С другой стороны: аберрация близости – известное «лицом к лицу лица не увидать». В современном тексте в упор не видят черт оригинальности – слишком отвлекает контекст. Поучительно в этом смысле читать прижизненную литературную критику на тех поэтов, чья величина и оригинальность сегодня вроде бы разумеется сама собой. Например, прижизненную критику Пушкина. И не обязательно булгаринскую. Тончайший знаток поэзии Кюхельбекер мог расхваливать в своих статьях стихи «женщины-поэта» Анны Буниной («какая сильная, живая поэзия!») или поэмы князя Шихматова («поэт с дарованием необыкновенным!»), а о поэмах своего лицейского друга бросить: «Поэмы Пушкина прекрасны, подобно поэме Шихматова, только по частям, по подробностям, по частям и строфам, а почти всегда ошибочны по изобретению и в целом не выдержаны».

Здесь, конечно, может быть задан провокационный вопрос – а стоило ли вообще тогда говорить о влияниях в современных текстах, городить четырехуровневую классификацию и т. д., если наше суждение будет все равно несвободно от аберраций и искажений? Не лучше ли вообще вынести за скобки разговор о влияниях, об эпигонстве, о первичности и вторичности в отношении современных поэтов, руководствуясь мудрым мандельштамовским: «не сравнивай: живущий несравним»?

Собственно, я сам обычно подхожу к стихам с «презумпцией невторичности». Если стихи интересные, яркие, то мысль о влияниях или подражаниях даже не приходит в голову. Однако чем слабее текст, тем, как правило, заметней его вторичность. И наоборот.

Но даже говоря о вторичности конкретного текста, не стоит распространять это на «всего» поэта. Поскольку поэт – особенно «поэт с историей», по цветаевской классификации, – может преодолеть это влияние, эволюционировать. Кроме того, у поэта могут оказаться и другие стихи. Например, в той же подборке Светланы Кековой можно встретить:

Спит осень на ложе Прокруста,

просторно и пусто вдали,

и грузные розы капусты

торчат из холодной земли.


Пусть «ложе Прокруста» из все того же «культурного словаря» – но как замечательно торчат кочаны капусты… Как только поэтическое слово прорастает сквозь филологическую гладкопись к действительности, поэзия обретает дыхание. И становится – поэзией, то есть, с древнегреческого: деланием, действованием.

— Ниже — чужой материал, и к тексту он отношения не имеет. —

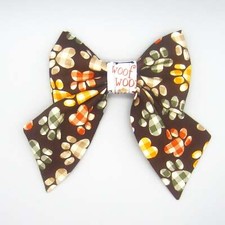 Fall Paw Prints Pet Bow Tie or Sailor Bow-4 Sizes Available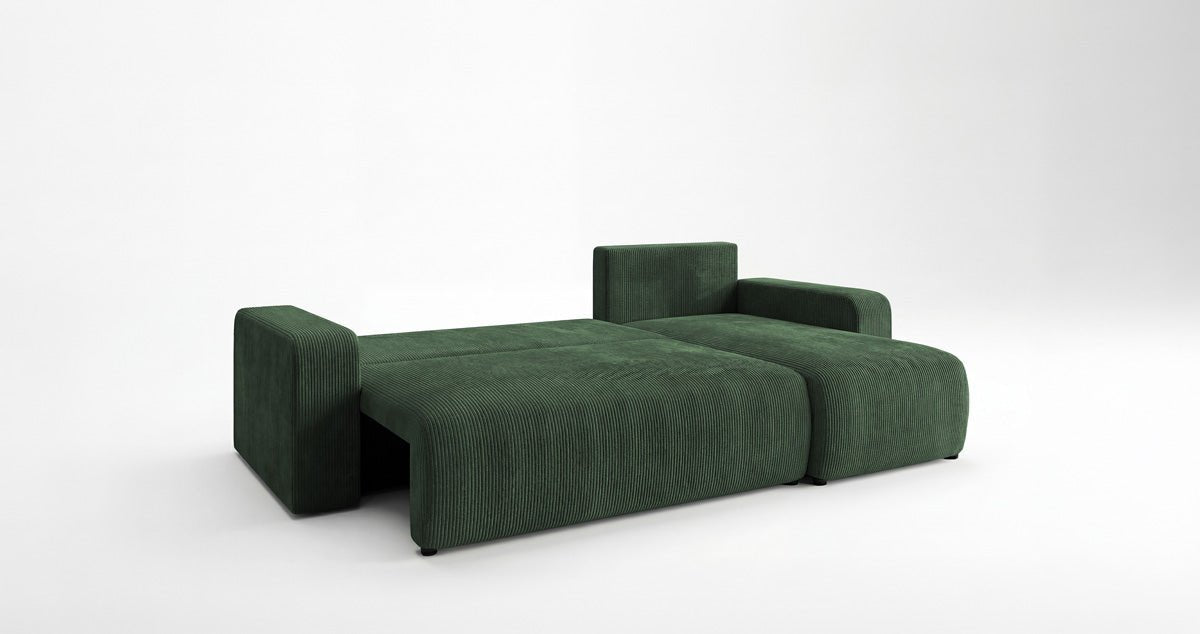 Canapé design Calva avec fonction couchage et pliage en Côtelé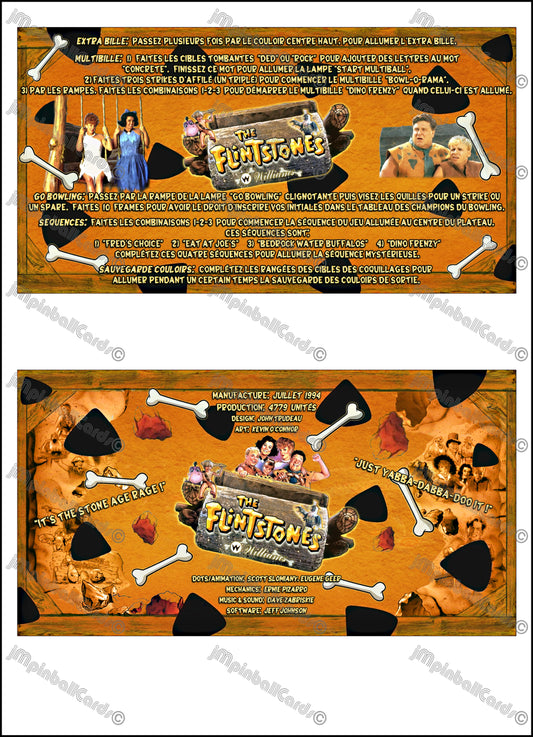 Instrucciones de las tarjetas del juego de pinball de Los Picapiedra (1994) de Williams, delantal personalizado, reglas impresas (V1)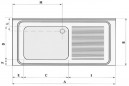 120 x 60 enkele spoelbak van roestvrij staal, rechtse spoelbak met pootjes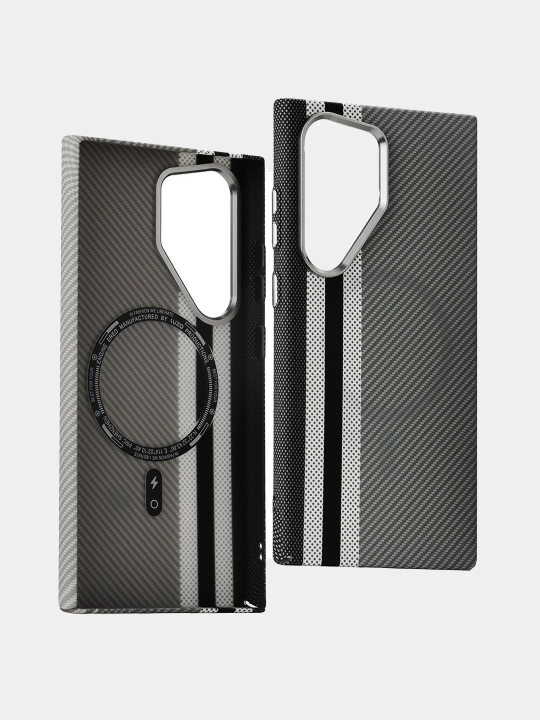 Чехол Карбон для Samsung Galaxy S22 , S23 Ultra, S24 Ultra, S25 Ultra, S26 Ultra с Magsafe - 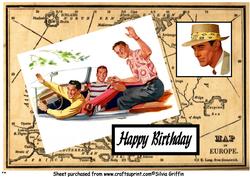 Males in a Car Wishing You Happy Birthday A4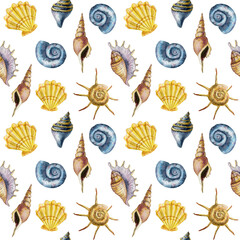  Seashells seamless pattern. Undersea hand drawn background.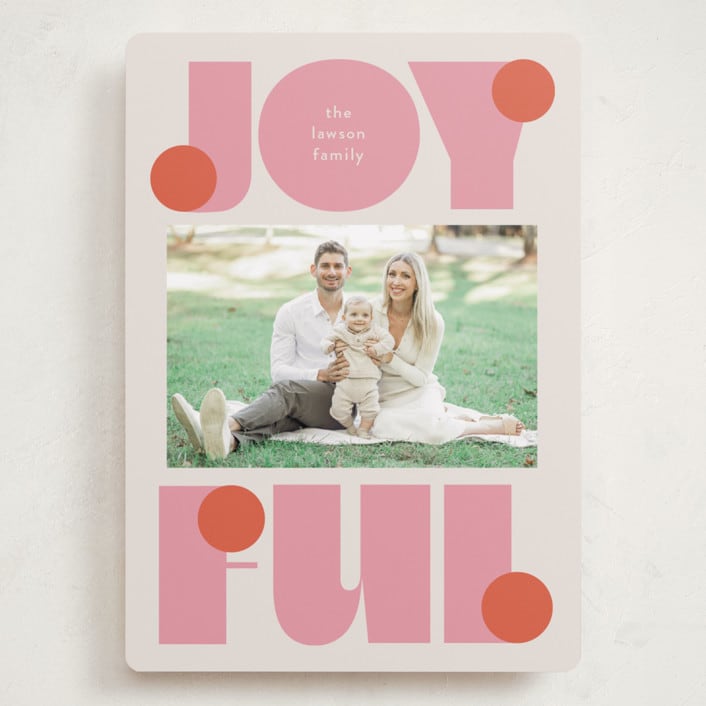 "pop joy" - Holiday Cards in Candied Grapefruit by Lori Wemple - Front
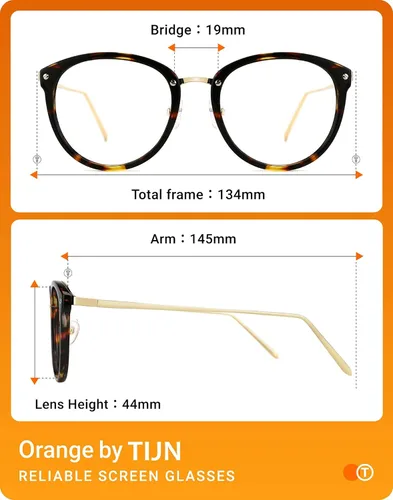 Vista 6 de Gafas TIJN de óptica con montura redonda de metal estilo vintage bloquean la luz azul gafas sin prescripción con montura para mujer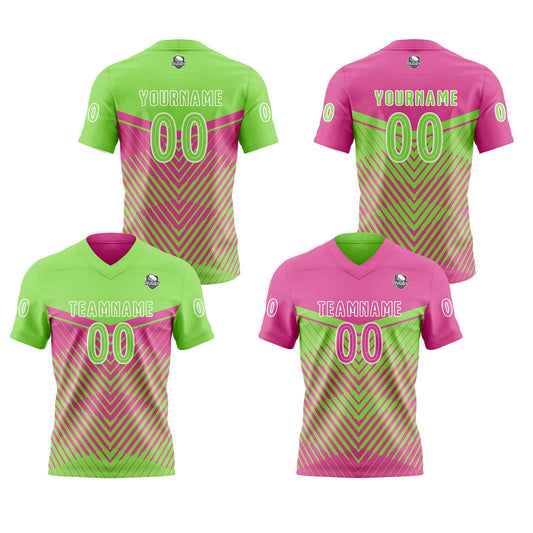 Benutzerdefinierte Rosa Grün Reversibel Fußball Trikot Personalisierte Gradient Fußball Shirts für Männer gedruckt Team Name Nummer Logo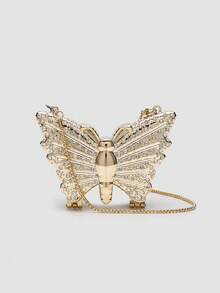 1pc Mini Metallic Gold/Silver Glitter Rhinestone Butterfly Clutch Bag, Multifunctional Decorative Women's Personalized Fashion Makeup Bag, Jewelry/Earphone Storage, Gift For Women, Suitable For Valentine's Day, Party, Wedding, Date, Can Be Used As Shoulder Bag/Crossbody Bag, Elegant Women Coin Purse , Gold Bag - Gold - View 5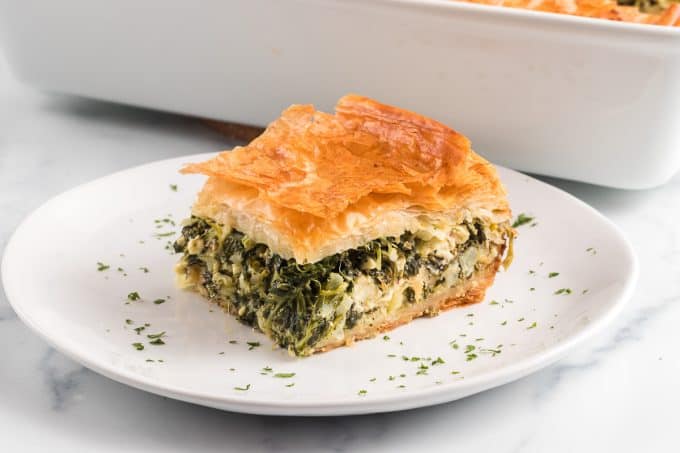 A slice of Greek Spinach Pie or Spanakopita.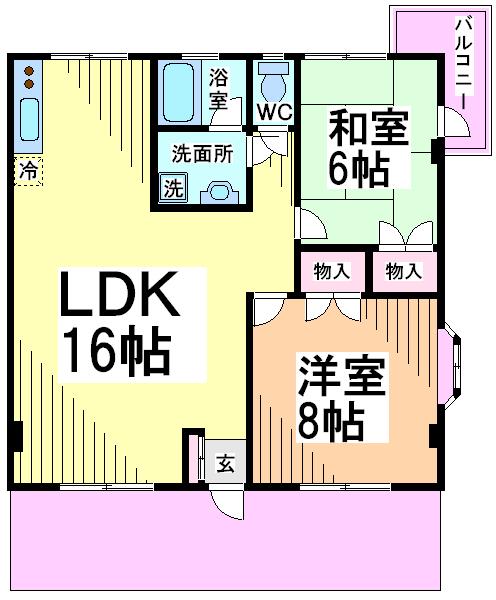 プラザ井の頭(2LDK/3階)の間取り写真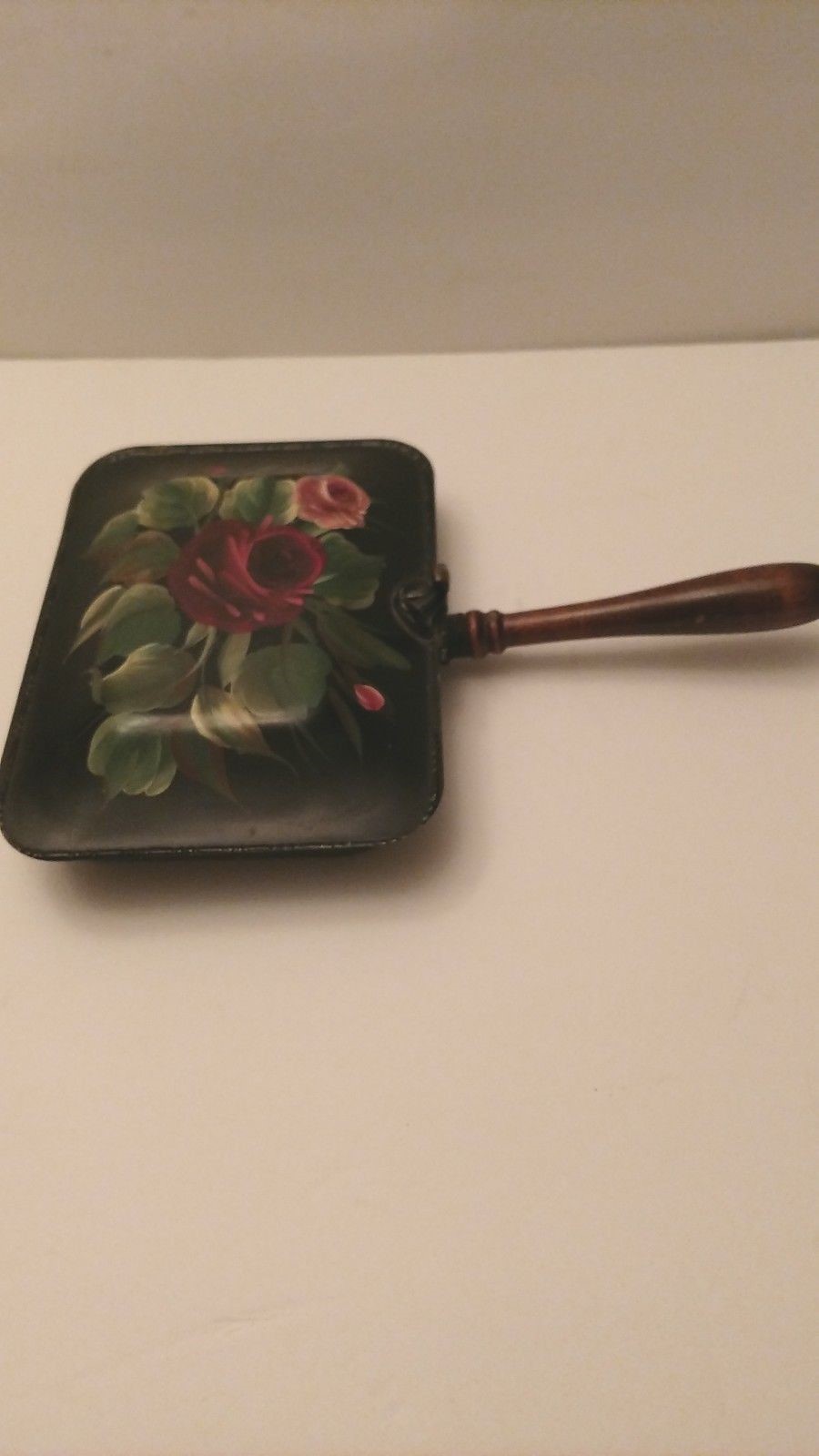 Vintage TOLE  Hand Painted Metal with Wood Handle Crumb Catcher Bin Pan Floral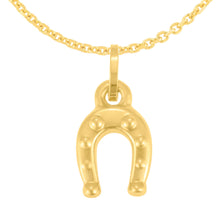 Load image into Gallery viewer, 14k Yellow Gold 28mm Polished Puffy Horseshoe with Optional Chain Pendant Charm
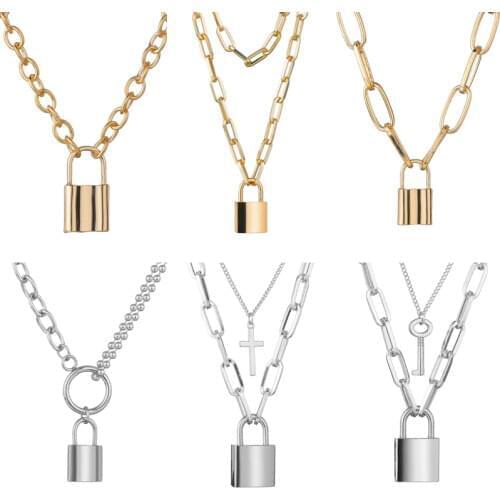 Rock Choker Lock Necklace Layered Chain On Neck With Lock Punk Jewelry Mujer Key Padlock Pendant Necklace for Women Gift 2020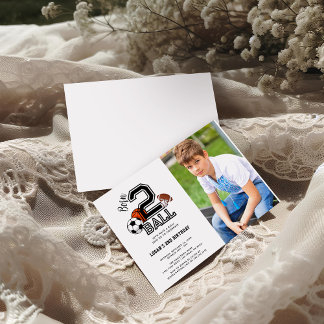 Geboren 2 Ball | Sport Themed Boys 2. Geburtstag Einladung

Так что «поэзия действительности» – хотя и некоторая тавтология, но тавтология, возвращающая поэзии ее первоначальный смысл. Или, как опять же писал Платон, позволяющая научиться видеть при солнечном свете.

Правда, последнее возможное возражение – что я почти не сказал ничего о сегодняшней «поэзии действительности», мне крыть и вправду нечем. Как, впрочем, и не пытался объяснить, что сегодня является этой действительностью, к которой должна прорываться поэзия. Но об этом (и, как принято добавлять, «многом другом») я надеюсь сказать в следующих статьях цикла: 2010-е только начались.

«Арион», 2010, № 2

5

Бавильский Д. Случай Херсонского // Сайт «Частный корреспондент». 29 сентября 2009 г. [http://www.chaskor. ru/article/sluchaj_hersonskogo_10409].

6

Топоров В. Ниже травы. Случай Херсонского. Бряцанье чужой лодкой // Сайт «Частный корреспондент». 21 января 2010 г. [http://www.chaskor.ru/article/nizhe_travy_14389].

7

Например: Херсонский Б. Не быть как Бродский // Крещатик. – 2007. – № 2 [http://magazines.russ.ru/ kreschatik/2007/2/he25.html].

8

См.: Панова Л. «Уворованная» Соломинка: к литературным прототипам любовной лирики Осипа Мандельштама // Вопросы литературы. – 2009. – № 5.